Bidirectional LSTM layer.

Residual learning

In an end-to-end deep network, the “levels” of learned features can be enriched by the number of stacked layers (depth). For that reason, the number of layers (depth of a network) plays a crucial role in allowing the network to learn more high-level features and build more complex models. There are, however, two main problems that occur in the training of very deep networks (where “deep” is usually taken to mean more than 15 layers): (1) vanishing/exploding gradients and (2) degradation (saturation and degradation of accuracy). The vanishing/exploding gradients problem occurs when the network cannot learn because the gradients of the network’s output with respect to the parameters in the early layers become extremely small or large12, and can be largely addressed by normalized initialization. An effective solution for the latter was proposed by He et al.20 by introducing the residual learning framework.
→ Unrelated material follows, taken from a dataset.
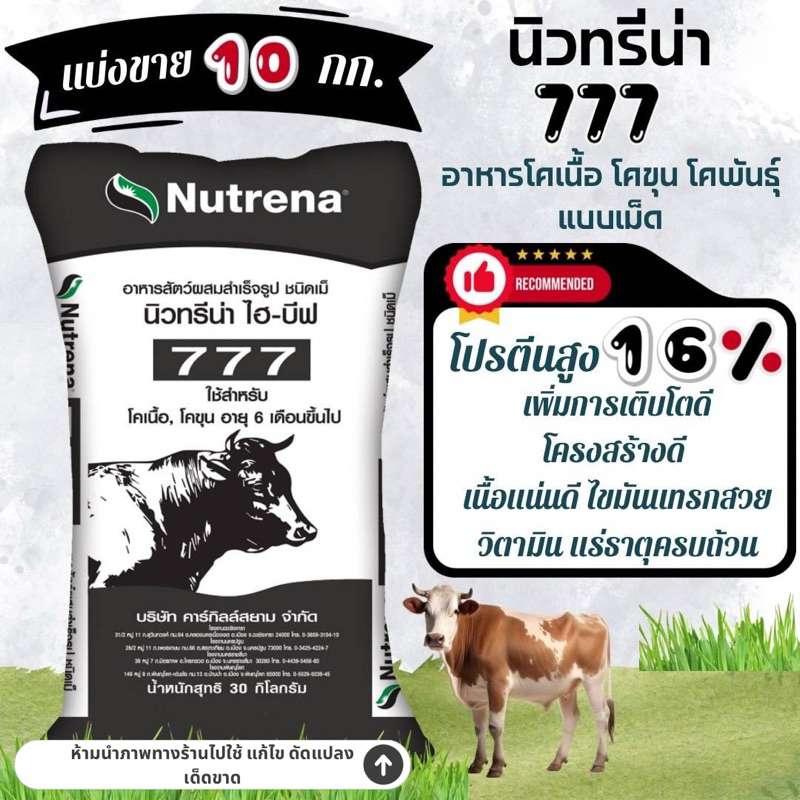 (ตักแบ่งขาย10kg)อาหารวัว อาหารโคขุน นิวทรีน่า 777(ถุงดำรุ่นฮิต)โปรตีนสูง เพิ่มน้ำหนักเนื้อโค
In a standard deep network, every few stacked layers basically learn a nonlinear underlying function, H, that maps the input to the first of these layers, x, to the output of the final layer, H(x). In the residual learning framework, the original mapping is recast into F(x) + x. Each few stacked layers (a residual block) rather than directly learning H(x), learns the residual functions, F(x): = H(x) − x. Since optimization of the residual mapping is easier than for the original unreferenced mapping, this can help to keep the training error in the deeper layer the same as for the shallower ones, and by doing so make it possible to train a deeper network. Residual learning blocks can be realized by feed-forward neural networks with “shortcut connections” Fig. 14 that skip one or more layers. The shortcut connections simply perform identity mapping, and their outputs are added to the outputs of the stacked layers Fig. 14. These identity shortcut connections add neither extra parameters nor computational complexity to the problem.

Figure 14
figure 14

A building block in Residual learning.

In residual learning a building block is defined as:

$$y=F(x,\{{W}_{i}\})+x.$$
(14)

Here x and y are the input and output vectors of the layers considered. The function \(F(x,\{{W}_{i}\})\), represents the residual mapping to be learned. For the example in Fig. 1 that has two layers, \(F={W}_{2\sigma }({W}_{1x})\), in which \(\sigma \) denotes the activation function and the biases are omitted t simplifying notations. The operation F + x is performed by a shortcut connection and element-wise addition. As noted above, the shortcut connections introduce neither extra parameters nor computation complexity.